▶ Scraped caption text data:
▼

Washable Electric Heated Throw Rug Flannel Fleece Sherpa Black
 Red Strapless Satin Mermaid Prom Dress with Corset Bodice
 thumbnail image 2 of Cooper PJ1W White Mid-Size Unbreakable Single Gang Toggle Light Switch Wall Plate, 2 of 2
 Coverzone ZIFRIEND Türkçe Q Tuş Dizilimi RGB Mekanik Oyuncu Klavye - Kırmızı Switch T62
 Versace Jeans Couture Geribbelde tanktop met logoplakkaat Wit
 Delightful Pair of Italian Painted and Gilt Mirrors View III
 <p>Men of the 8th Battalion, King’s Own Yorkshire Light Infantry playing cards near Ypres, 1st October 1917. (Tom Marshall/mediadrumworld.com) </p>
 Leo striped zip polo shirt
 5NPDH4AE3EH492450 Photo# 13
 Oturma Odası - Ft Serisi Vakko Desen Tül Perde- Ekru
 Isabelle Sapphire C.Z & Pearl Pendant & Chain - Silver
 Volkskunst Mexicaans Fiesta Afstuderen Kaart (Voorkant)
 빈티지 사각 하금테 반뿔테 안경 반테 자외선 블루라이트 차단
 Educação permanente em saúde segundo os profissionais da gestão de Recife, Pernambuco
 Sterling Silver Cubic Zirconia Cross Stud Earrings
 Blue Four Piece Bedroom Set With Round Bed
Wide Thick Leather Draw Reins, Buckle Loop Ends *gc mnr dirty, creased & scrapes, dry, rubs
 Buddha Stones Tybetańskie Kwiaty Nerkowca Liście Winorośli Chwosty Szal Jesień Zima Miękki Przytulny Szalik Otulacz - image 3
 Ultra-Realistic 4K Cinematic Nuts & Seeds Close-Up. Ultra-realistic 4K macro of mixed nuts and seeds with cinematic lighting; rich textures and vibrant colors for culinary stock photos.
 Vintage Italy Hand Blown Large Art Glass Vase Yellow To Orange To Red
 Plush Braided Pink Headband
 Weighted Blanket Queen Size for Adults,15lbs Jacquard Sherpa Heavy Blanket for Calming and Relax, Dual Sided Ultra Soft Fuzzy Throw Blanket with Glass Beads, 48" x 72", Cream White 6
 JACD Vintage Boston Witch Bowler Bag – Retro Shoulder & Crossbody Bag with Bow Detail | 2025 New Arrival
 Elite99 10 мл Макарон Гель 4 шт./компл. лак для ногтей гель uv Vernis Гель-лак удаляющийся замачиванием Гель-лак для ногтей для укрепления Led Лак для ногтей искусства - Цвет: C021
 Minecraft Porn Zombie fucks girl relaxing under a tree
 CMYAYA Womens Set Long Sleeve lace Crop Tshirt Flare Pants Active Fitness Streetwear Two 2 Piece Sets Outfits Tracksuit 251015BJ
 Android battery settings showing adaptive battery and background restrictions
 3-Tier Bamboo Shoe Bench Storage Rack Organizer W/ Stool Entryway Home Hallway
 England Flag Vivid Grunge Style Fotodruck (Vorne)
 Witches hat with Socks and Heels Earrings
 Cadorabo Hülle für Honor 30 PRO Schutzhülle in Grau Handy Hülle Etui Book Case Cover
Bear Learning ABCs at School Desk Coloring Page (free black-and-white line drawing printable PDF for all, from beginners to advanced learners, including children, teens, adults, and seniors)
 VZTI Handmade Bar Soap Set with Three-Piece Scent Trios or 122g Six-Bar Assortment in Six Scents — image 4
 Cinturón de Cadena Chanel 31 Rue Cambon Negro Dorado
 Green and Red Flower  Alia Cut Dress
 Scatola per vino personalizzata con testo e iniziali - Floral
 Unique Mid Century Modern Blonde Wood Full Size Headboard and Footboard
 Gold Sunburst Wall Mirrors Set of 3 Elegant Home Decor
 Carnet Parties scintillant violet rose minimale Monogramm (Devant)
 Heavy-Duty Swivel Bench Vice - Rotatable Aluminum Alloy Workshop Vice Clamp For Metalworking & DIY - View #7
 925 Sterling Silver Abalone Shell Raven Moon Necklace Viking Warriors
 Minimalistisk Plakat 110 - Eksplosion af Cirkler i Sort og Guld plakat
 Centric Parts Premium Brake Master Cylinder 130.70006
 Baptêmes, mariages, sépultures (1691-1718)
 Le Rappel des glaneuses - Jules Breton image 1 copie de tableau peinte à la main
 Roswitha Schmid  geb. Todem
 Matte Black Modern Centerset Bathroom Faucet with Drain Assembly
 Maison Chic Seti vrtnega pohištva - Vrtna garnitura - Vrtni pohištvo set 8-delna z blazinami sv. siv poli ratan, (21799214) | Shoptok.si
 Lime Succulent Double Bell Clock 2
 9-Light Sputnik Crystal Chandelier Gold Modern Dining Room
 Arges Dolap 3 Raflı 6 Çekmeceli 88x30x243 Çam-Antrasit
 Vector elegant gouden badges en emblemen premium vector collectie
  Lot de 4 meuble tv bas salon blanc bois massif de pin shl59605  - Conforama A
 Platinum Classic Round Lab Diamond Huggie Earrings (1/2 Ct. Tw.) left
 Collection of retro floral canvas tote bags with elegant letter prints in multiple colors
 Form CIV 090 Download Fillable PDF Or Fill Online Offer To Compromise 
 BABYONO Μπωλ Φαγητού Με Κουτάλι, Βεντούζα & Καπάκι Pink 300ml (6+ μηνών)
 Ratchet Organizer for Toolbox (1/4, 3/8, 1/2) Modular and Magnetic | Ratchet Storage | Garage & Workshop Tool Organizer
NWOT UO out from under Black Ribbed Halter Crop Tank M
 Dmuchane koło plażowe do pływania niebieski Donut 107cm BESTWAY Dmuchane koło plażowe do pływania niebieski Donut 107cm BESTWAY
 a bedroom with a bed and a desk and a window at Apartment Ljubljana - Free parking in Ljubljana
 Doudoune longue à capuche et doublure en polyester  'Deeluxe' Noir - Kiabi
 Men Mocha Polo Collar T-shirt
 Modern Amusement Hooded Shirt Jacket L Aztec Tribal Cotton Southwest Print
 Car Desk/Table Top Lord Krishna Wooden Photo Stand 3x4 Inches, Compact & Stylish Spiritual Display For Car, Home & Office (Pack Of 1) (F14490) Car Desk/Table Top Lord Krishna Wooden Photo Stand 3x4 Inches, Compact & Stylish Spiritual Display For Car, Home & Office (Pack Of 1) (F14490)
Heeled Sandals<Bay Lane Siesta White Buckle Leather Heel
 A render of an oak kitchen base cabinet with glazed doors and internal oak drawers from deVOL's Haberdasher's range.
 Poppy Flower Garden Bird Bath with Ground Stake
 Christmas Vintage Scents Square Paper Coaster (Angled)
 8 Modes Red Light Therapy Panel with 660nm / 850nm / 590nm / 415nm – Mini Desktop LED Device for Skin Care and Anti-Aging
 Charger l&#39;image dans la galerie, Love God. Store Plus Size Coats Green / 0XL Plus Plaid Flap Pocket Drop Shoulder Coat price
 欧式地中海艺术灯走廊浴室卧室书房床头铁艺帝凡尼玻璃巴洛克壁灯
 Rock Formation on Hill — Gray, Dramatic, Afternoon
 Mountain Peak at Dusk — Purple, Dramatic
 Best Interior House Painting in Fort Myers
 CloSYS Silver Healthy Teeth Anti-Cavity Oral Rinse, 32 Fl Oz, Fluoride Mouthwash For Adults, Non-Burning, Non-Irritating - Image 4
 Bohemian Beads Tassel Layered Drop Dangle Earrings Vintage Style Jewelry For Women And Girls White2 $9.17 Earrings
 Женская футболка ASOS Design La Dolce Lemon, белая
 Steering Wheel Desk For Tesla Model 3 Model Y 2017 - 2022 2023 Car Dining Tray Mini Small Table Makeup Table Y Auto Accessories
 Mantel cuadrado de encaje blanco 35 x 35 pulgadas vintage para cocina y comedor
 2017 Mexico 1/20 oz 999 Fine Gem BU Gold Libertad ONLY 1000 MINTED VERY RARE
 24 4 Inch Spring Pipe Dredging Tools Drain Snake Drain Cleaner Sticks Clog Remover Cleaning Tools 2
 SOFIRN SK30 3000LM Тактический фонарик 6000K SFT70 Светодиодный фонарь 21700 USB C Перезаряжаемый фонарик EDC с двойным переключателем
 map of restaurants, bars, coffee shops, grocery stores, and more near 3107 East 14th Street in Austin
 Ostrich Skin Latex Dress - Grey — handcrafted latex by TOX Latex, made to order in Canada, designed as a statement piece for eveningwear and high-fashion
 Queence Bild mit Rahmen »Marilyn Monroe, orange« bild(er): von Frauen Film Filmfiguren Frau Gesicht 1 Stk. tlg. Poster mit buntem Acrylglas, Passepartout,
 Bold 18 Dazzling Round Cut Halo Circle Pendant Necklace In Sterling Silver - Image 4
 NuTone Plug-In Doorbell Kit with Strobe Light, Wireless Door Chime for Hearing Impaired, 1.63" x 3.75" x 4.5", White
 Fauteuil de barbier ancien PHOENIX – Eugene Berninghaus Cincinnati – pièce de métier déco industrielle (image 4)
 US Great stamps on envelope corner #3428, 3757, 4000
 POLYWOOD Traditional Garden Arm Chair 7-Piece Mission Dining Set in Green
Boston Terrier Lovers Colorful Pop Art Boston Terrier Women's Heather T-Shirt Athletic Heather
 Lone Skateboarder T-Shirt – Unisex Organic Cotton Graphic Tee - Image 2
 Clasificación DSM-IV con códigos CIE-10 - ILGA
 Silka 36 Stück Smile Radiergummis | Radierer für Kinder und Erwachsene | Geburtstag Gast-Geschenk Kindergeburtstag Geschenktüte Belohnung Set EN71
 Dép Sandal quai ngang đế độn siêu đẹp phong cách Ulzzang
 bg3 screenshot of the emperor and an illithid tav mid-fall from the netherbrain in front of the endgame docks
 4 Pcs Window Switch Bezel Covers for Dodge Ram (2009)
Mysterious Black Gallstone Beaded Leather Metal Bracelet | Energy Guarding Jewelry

▲

A word-for-word copy of the lines above from the one with "CloSYS Silver Healthy" through the one with "Женская футболка ASOS", inclusive, is the only output wanted.

▶ ANSWER BOX:
 CloSYS Silver Healthy Teeth Anti-Cavity Oral Rinse, 32 Fl Oz, Fluoride Mouthwash For Adults, Non-Burning, Non-Irritating - Image 4
 Bohemian Beads Tassel Layered Drop Dangle Earrings Vintage Style Jewelry For Women And Girls White2 $9.17 Earrings
 Женская футболка ASOS Design La Dolce Lemon, белая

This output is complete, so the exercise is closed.